##### GIVEN ENTRIES #####
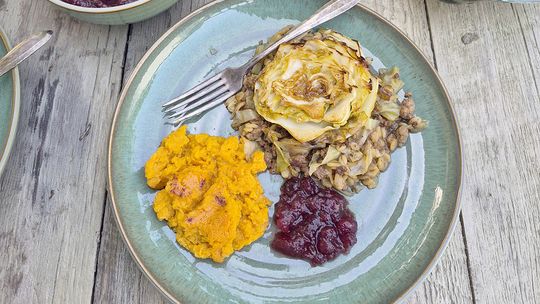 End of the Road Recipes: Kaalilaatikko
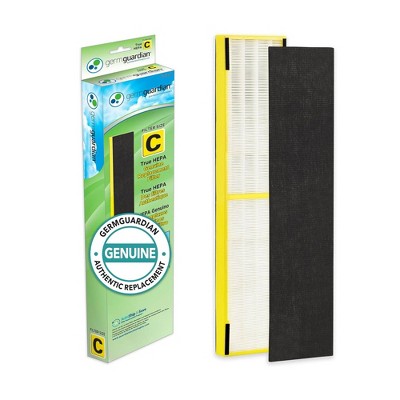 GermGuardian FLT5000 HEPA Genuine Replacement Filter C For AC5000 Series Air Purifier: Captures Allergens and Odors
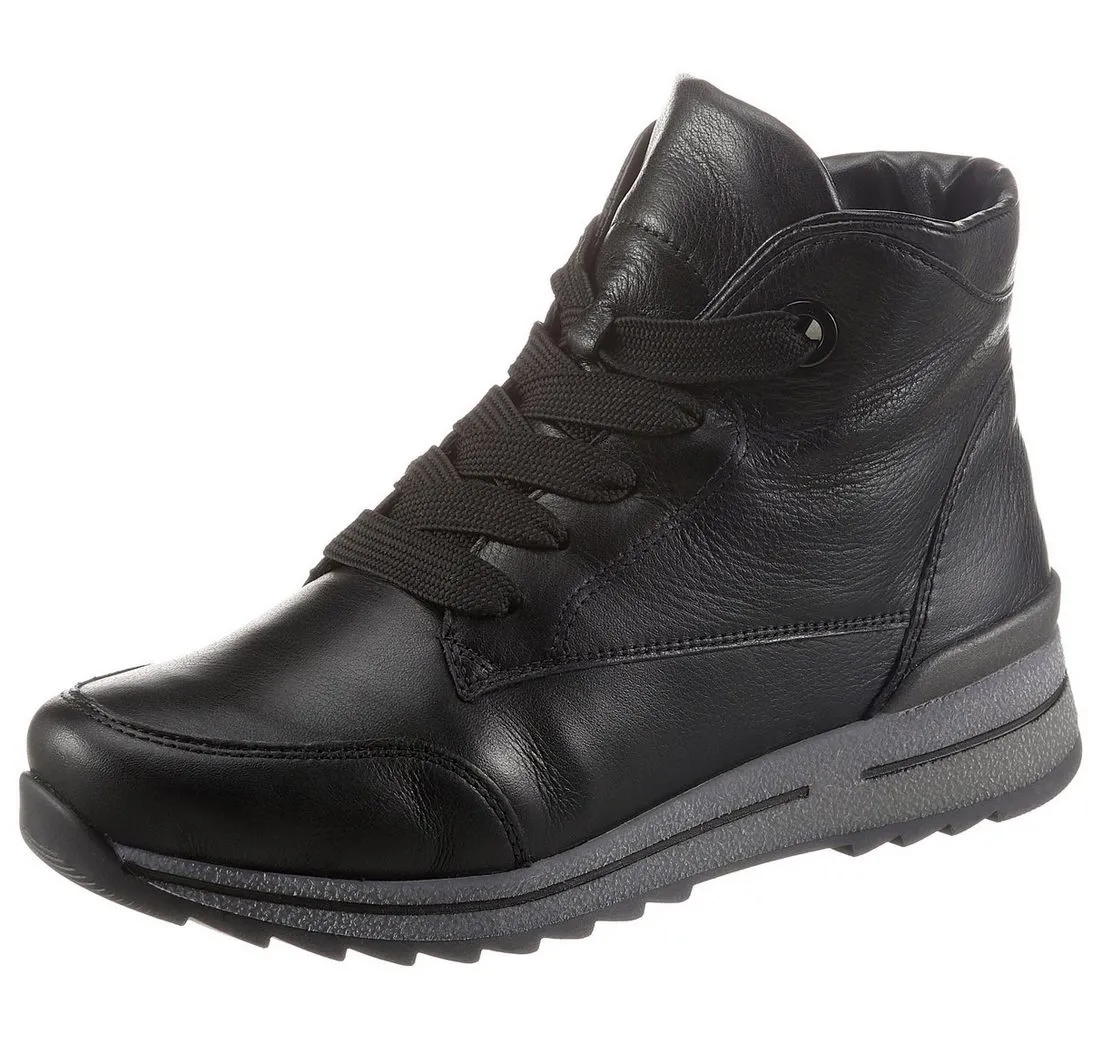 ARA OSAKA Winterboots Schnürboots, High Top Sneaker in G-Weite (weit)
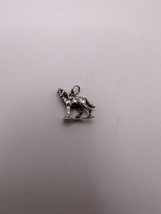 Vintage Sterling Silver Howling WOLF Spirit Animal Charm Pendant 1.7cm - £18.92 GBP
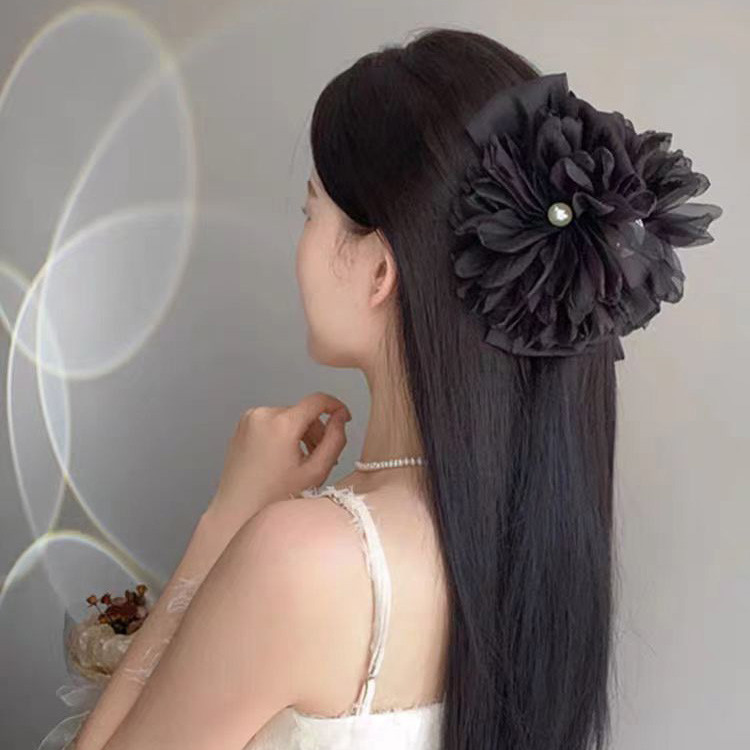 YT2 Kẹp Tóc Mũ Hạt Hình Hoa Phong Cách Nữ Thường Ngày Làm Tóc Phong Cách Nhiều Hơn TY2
#####
##### GIVEN ENTRIES #####
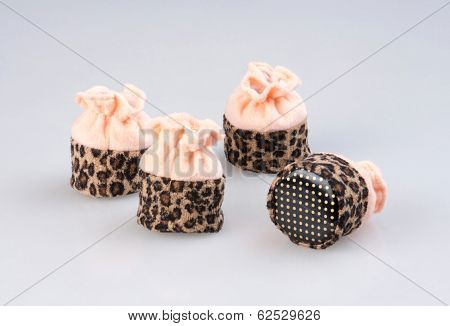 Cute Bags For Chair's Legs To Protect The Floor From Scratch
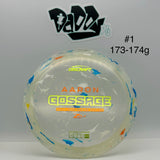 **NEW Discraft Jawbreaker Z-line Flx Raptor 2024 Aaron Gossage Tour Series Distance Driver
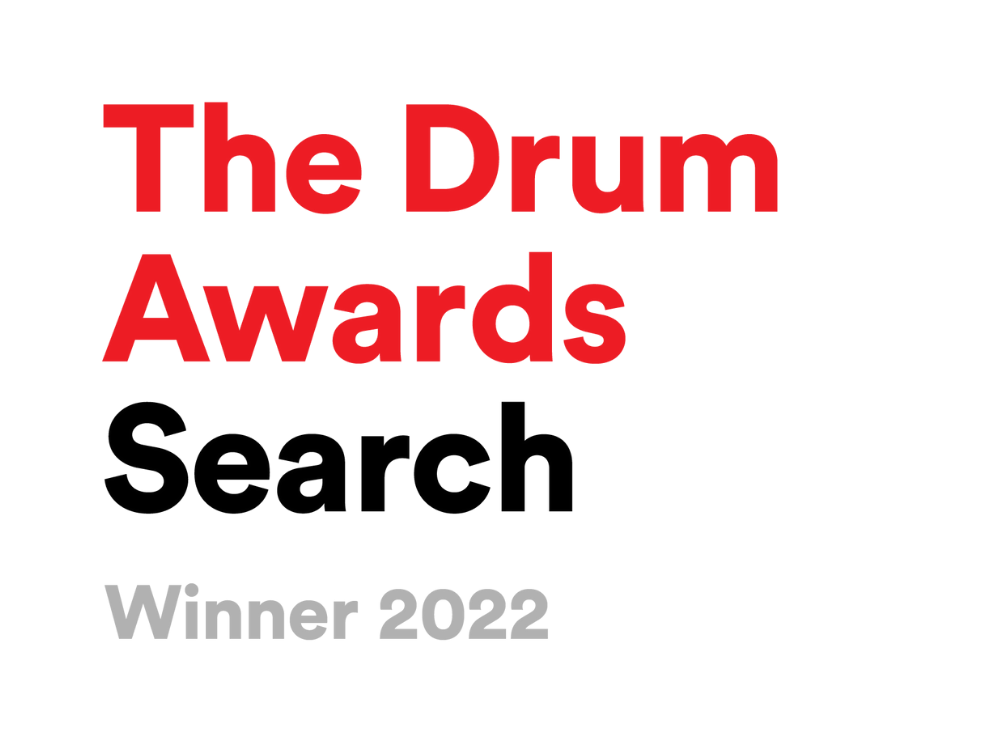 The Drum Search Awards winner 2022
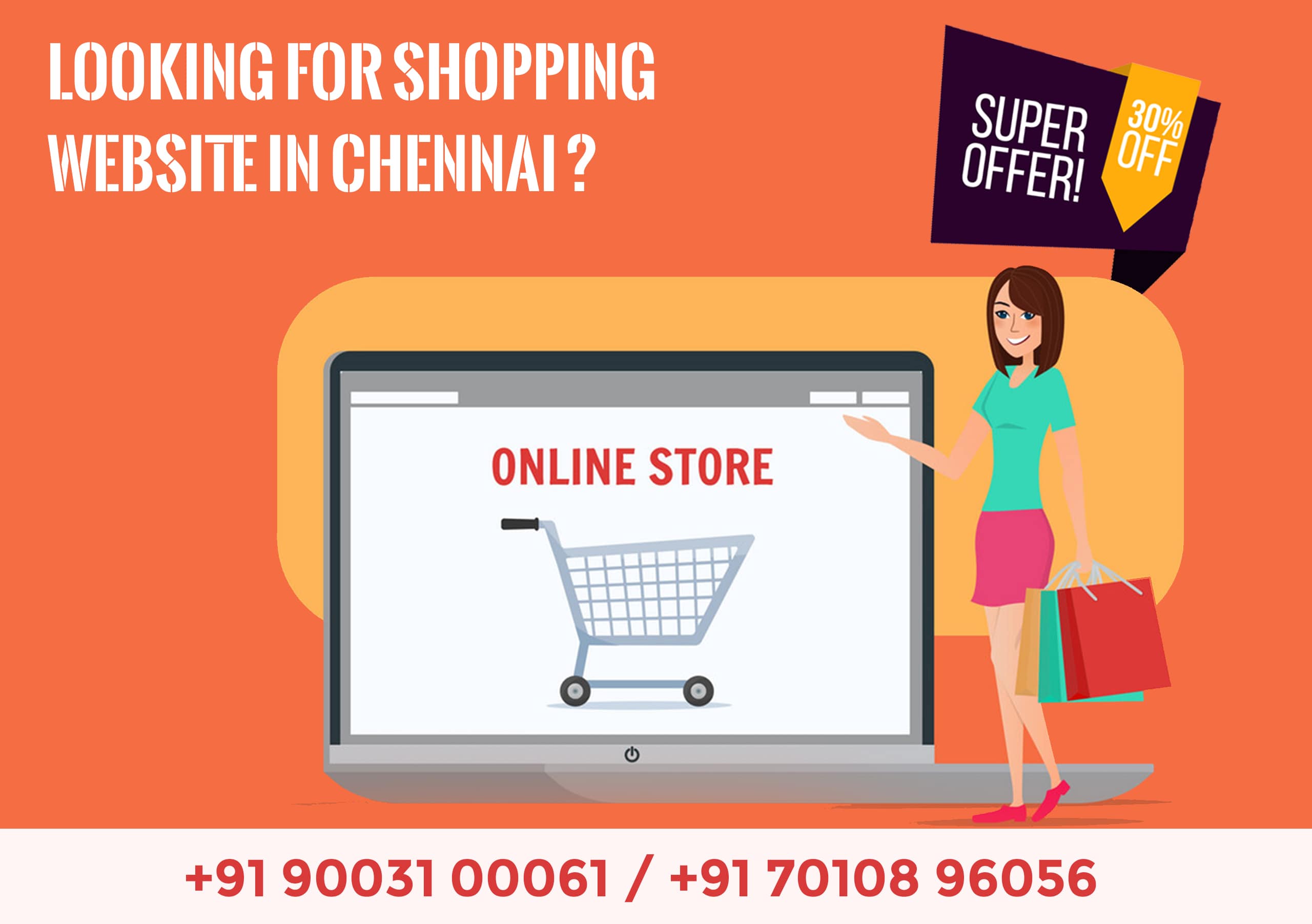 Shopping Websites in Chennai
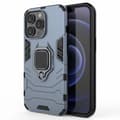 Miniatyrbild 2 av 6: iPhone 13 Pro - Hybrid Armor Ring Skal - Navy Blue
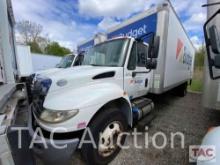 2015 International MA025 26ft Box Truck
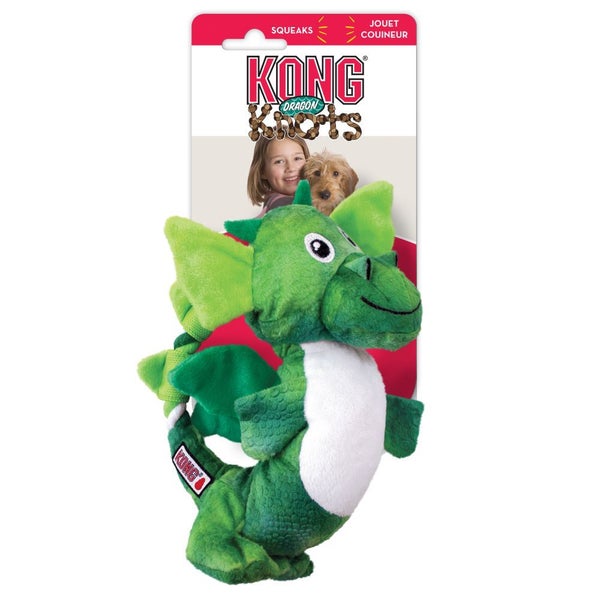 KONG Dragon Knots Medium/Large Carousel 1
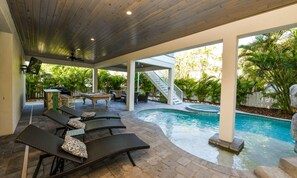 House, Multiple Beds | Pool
#####
##### GIVEN ENTRIES #####
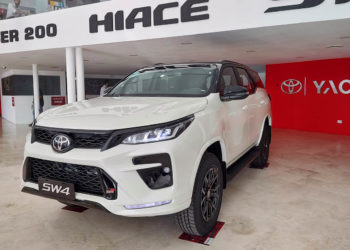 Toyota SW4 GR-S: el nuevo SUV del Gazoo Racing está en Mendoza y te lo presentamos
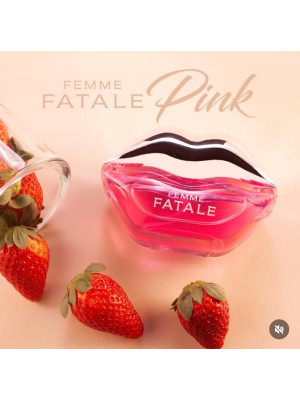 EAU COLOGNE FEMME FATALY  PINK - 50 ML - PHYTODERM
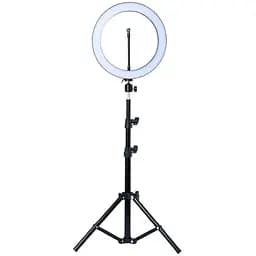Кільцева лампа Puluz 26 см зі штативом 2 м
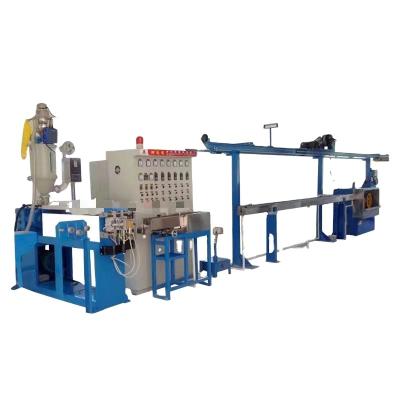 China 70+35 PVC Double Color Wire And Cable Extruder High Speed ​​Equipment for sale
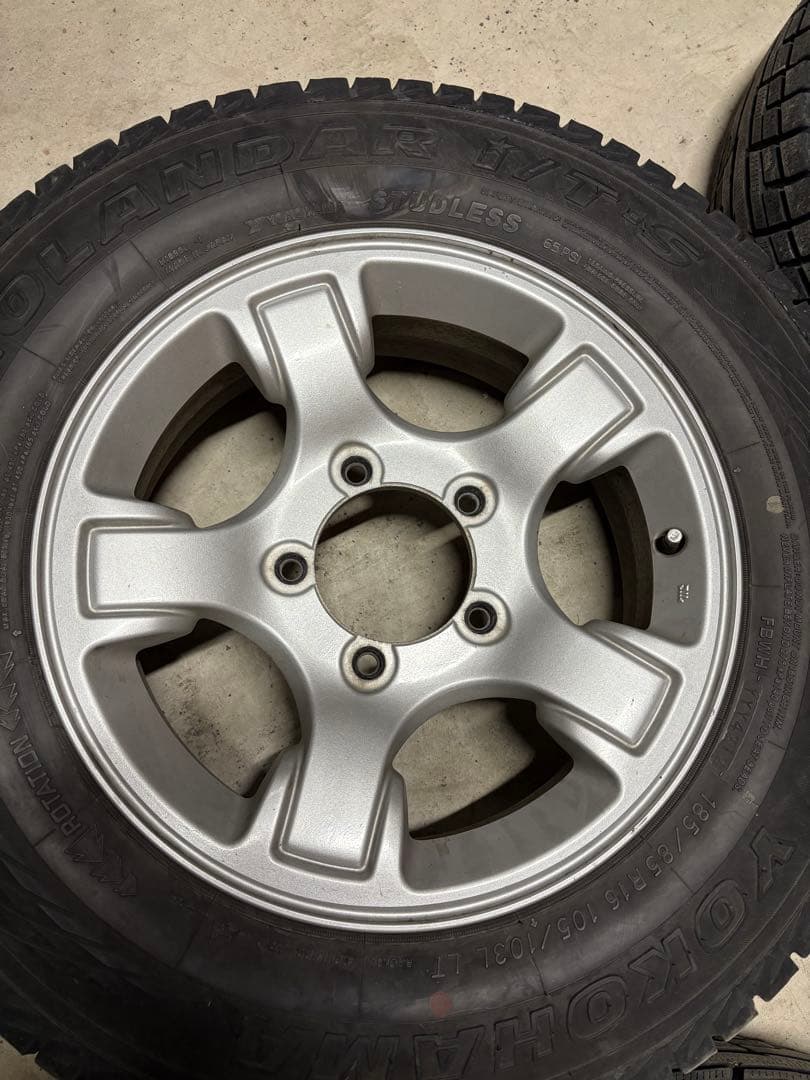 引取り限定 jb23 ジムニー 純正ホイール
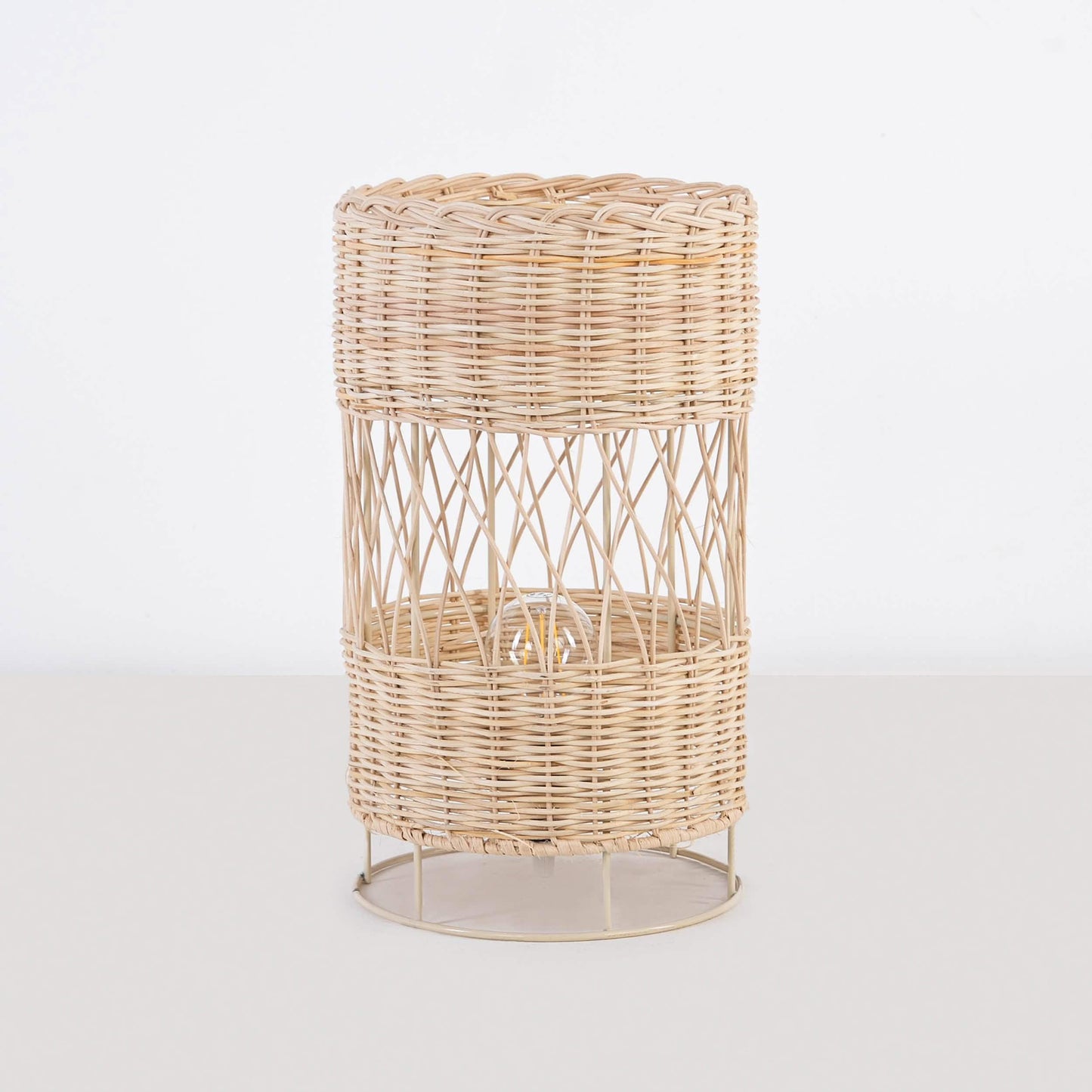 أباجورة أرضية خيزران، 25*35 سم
#####
◆ **HOW TO COMPLETE THIS TASK**
Keep to the lines above from the line with "Кільцева лампа Puluz 26 см зі штативом 2 м" to the line with "أباجورة أرضية خيزران، 25*35 سم", and set down exactly those, inclusive, with nothing else and every picture left out.

◆ **EXERCISE ANSWER**
Кільцева лампа Puluz 26 см зі штативом 2 м
 China 70+35 PVC Double Color Wire And Cable Extruder High Speed ​​Equipment for sale
 引取り限定 jb23 ジムニー 純正ホイール
 أباجورة أرضية خيزران، 25*35 سم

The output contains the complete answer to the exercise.